Saez Yago, Baldominos Alejandro, Isasi Pedro
Department of Computer Science, Universidad Carlos III de Madrid, 28911 Leganés, Spain.
Sensors (Basel). 2016 Dec 30;17(1):66. doi: 10.3390/s17010066.
Physical activity is widely known to be one of the key elements of a healthy life. The many benefits of physical activity described in the medical literature include weight loss and reductions in the risk factors for chronic diseases. With the recent advances in wearable devices, such as smartwatches or physical activity wristbands, motion tracking sensors are becoming pervasive, which has led to an impressive growth in the amount of physical activity data available and an increasing interest in recognizing which specific activity a user is performing. Moreover, big data and machine learning are now cross-fertilizing each other in an approach called "deep learning", which consists of massive artificial neural networks able to detect complicated patterns from enormous amounts of input data to learn classification models. This work compares various state-of-the-art classification techniques for automatic cross-person activity recognition under different scenarios that vary widely in how much information is available for analysis. We have incorporated deep learning by using Google's TensorFlow framework. The data used in this study were acquired from PAMAP2 (Physical Activity Monitoring in the Ageing Population), a publicly available dataset containing physical activity data. To perform cross-person prediction, we used the leave-one-subject-out (LOSO) cross-validation technique. When working with large training sets, the best classifiers obtain very high average accuracies (e.g., 96% using extra randomized trees).

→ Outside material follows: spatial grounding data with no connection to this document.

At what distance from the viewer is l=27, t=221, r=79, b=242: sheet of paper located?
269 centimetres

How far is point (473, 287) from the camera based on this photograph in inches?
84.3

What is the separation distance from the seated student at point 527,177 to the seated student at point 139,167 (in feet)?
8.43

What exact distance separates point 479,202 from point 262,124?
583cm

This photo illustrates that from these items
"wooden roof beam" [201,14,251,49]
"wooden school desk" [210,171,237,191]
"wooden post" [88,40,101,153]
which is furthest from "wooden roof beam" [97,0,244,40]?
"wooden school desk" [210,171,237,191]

However, when the data volume is drastically reduced (where available data are only 0.001% of the continuous data), deep neural networks performed the best, achieving 60% in overall prediction accuracy. We found that even when working with only approximately 22.67% of the full dataset, we can statistically obtain the same results as when working with the full dataset. This finding enables the design of more energy-efficient devices and facilitates cold starts and big data processing of physical activity records.

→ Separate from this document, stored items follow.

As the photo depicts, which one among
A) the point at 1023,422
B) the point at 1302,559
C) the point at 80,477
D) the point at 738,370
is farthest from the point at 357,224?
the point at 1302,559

众所周知,体育活动是健康生活的关键要素之一。医学文献中描述的体育活动的诸多益处包括减肥以及降低慢性病的风险因素。随着可穿戴设备(如智能手表或体育活动腕带)的最新进展,运动跟踪传感器正变得无处不在,这导致可用的体育活动数据量大幅增长,并且人们越来越有兴趣识别用户正在进行的具体活动。此外,大数据和机器学习现在正以一种称为“深度学习”的方法相互交叉融合,该方法由能够从大量输入数据中检测复杂模式以学习分类模型的大规模人工神经网络组成。这项工作比较了各种先进的分类技术,用于在不同场景下进行自动跨人活动识别,这些场景在可用于分析的信息量方面差异很大。我们通过使用谷歌的TensorFlow框架纳入了深度学习。本研究中使用的数据来自PAMAP2(老年人口身体活动监测),这是一个包含身体活动数据的公开可用数据集。为了进行跨人预测,我们使用了留一受试者出(LOSO)交叉验证技术。在处理大型训练集时,最佳分类器可获得非常高的平均准确率(例如,使用额外随机树时为96%)。然而,当数据量大幅减少(可用数据仅为连续数据的0.001%)时,深度神经网络表现最佳,总体预测准确率达到60%。我们发现,即使仅使用完整数据集的约22.67%,我们在统计上也能获得与使用完整数据集时相同的结果。这一发现有助于设计更节能的设备,并便于体育活动记录的冷启动和大数据处理。